MAX RÓMER PIERETTI
Es fácil pensar en la fuerza de las palabras. Esa potencia que es capaz de modificar el acontecer de la historia. Una fortaleza que conocen los políticos, los enamorados, los padres al enseñar a sus hijos con esa frase que, convertida en máxima, se hace parte de nuestras vidas.
La fuerza de las palabras la van conociendo los jóvenes desde hace algún tiempo. Los debates escolares, con sus múltiples variables y nombres, con sus entusiastas maneras de proceder, dejan entrever que el universo de las palabras es mucho más poderoso de lo que creemos.
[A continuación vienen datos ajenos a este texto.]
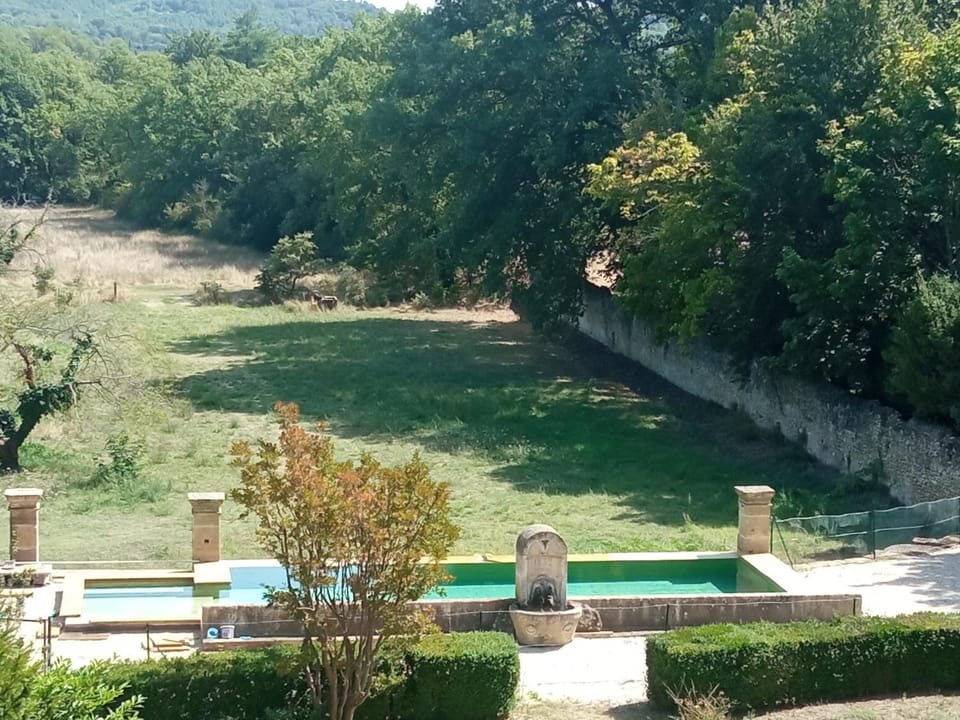 Garden view, Pool view, Swimming pool
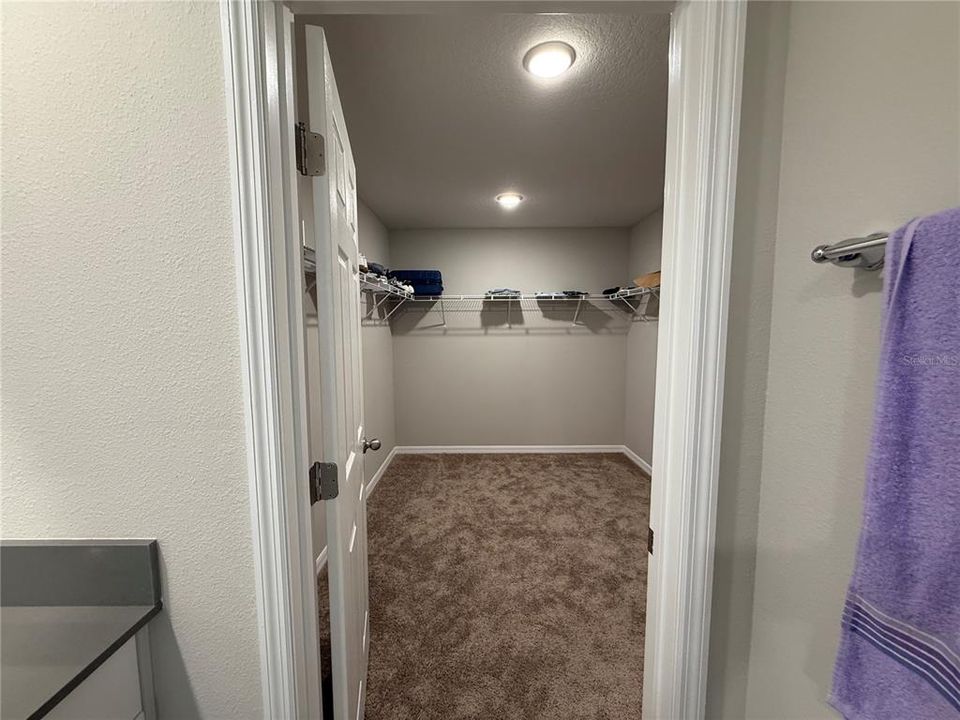 出租: $2,400 (5 贝兹, 3 浴室, 2888 平方英尺)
Asistí a un debate escolar en el levante español. La final de la segunda etapa de tres. Debatían los adolescentes sobre el valor de los referendos. Veían los costes políticos, las ventajas o no para el ejercicio de la democracia. Había, hay que reconocerlo, unos más convencidos que otros en sus argumentos, pero eso sí, entusiasmo para demostrar y decantar sus ideas, esas construidas en las horas extraordinarias robadas a las correrías con los compañeros, o hasta a las siestas y meriendas.
Armados con papeles, artículos de prensa, legislaciones… se turnaban en estricto orden temporal los estudiantes de los dos colegios que quedaban en pugna. Los textos de aquellos alumnos buscaban llenar el espacio vacío de un puzle o tratar de ver que las urnas, por la baja participación, no reflejaban lo que el pueblo, todo él, quería decir o no.
Las voces temblaban un poco. Solo un poco. Las manos un poco más que aquellas voces en pleno reconocimiento de lo que será algún día su afinación final. Los logros de convicción, los espacios conquistados, el manejo del discurso, la gestualidad, dejaron atónitos a los escuchantes. Momentos de tensión, la búsqueda de un punto de inflexión que cambiara el debate, se traslucía en los ojos de esos chicos.
Las caras de los maestros mostraban aquellas enseñanzas extraordinarias, aquel gesto que pudiera darle una pista al debatiente de aquellas frases estudiadas. Un proceso, por qué no decirlo, interesante y, a la vez, emocionante.
A un lado, los trofeos y medallas para los vencedores. Enfrente de los debatientes finales, los equipos que se fueron quedando en el proceso de debatir. Todos boquiabiertos con esas caras de admiración que provocan los vencedores. Una admiración respetuosa que rompe las barreras de lo pueril, una actitud que ya quisiera ver en los parlamentos, asambleas y congresos de los adultos, de los decisores que, en muchas ocasiones, decepcionan.
Nosotros, los profesores, hacíamos porras. “Creo que debatió mejor este”. “No, yo pienso que lo hizo mejorar aquel”. “No, no vale que introduzcas otro tema, no se trata de eso, sino de compartir quienes son los vencedores del torneo”.
Los debates abren la puerta a esa política con mayúsculas que esperamos de los líderes que elegimos. Son la antesala de un mundo diferente, en el que las estrategias de los políticos por tratar de imponerse pasarán por la mirada atenta de estos noveles admiradores y ejecutores de la retórica.
Atrás quedarán aquellos que, en su afán por lucirse y crear vaciedades, sean destronados por estos jóvenes que, de verdad, hacen política con letras mayúsculas, que han adoptado su rol en la sociedad digital y que salen y entran en ella con la misma facilidad que toman el autobús o se pasean por las redes sociales, que han hecho suyo la grandeza de los Estados, de la democracia como valor y sistema, de la pluralidad de los partidos políticos como base para la sana convivencia en armonía social anclados en la filosofía de ser eso, mejores ciudadanos.
Si el rol de los colegios es formarlos en y para esa sensibilidad sociopolítica, el papel de la Universidad es profundizar en el pensamiento crítico, en la formación de las humanidades contemporáneas, esas que, apalancadas en la historia del pensamiento, adoptan esa posmodernidad en la que convive lo digital, la mecánica tecnológica y esos valores integradores que conforman a ese ser humano necesario en este milenio que apenas si lleva un andar a tientas después del quiebre que nos han dejado las revoluciones industrial y tecnológica.
Son estos jóvenes, y aquellos que los han precedido en estos modelos escolares, los llamados a integrar a todas las generaciones que, excluidas o autoexcluidas por las tecnologías de información y comunicación, se requieren especialmente para la construcción de ese mundo plural, multicultural, variopinto, holístico.